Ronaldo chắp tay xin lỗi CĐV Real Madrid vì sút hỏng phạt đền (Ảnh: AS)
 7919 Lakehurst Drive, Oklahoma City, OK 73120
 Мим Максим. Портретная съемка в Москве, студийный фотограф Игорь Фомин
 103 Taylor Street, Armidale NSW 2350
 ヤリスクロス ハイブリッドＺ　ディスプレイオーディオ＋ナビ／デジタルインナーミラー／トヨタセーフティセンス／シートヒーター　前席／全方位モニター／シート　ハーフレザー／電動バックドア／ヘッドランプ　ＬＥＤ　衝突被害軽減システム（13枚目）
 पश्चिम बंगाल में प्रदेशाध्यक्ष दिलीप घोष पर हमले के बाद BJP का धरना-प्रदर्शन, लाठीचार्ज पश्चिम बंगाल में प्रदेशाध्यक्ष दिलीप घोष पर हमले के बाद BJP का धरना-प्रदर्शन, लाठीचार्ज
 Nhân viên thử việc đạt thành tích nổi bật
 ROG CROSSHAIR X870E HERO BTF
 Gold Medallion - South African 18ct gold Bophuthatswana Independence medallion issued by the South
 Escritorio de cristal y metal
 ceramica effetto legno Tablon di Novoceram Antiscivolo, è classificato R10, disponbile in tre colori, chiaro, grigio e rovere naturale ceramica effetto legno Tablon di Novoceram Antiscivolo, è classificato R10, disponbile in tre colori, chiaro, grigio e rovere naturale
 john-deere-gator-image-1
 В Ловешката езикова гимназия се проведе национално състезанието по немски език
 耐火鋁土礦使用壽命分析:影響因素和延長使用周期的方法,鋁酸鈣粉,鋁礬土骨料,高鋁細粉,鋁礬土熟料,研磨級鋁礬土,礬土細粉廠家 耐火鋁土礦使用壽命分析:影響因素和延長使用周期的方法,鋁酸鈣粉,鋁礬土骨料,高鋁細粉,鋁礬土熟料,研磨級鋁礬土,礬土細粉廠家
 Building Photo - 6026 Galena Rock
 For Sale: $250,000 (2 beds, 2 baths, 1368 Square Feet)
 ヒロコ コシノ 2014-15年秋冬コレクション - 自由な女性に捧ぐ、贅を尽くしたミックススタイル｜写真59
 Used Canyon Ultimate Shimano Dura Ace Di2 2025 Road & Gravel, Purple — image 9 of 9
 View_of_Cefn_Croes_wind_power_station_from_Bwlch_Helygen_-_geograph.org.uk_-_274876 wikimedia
══════
EXERCISE -
Where the word "image" shows up in a line of the listing, return that line.

WRITTEN SOLUTION -
 john-deere-gator-image-1
 Used Canyon Ultimate Shimano Dura Ace Di2 2025 Road & Gravel, Purple — image 9 of 9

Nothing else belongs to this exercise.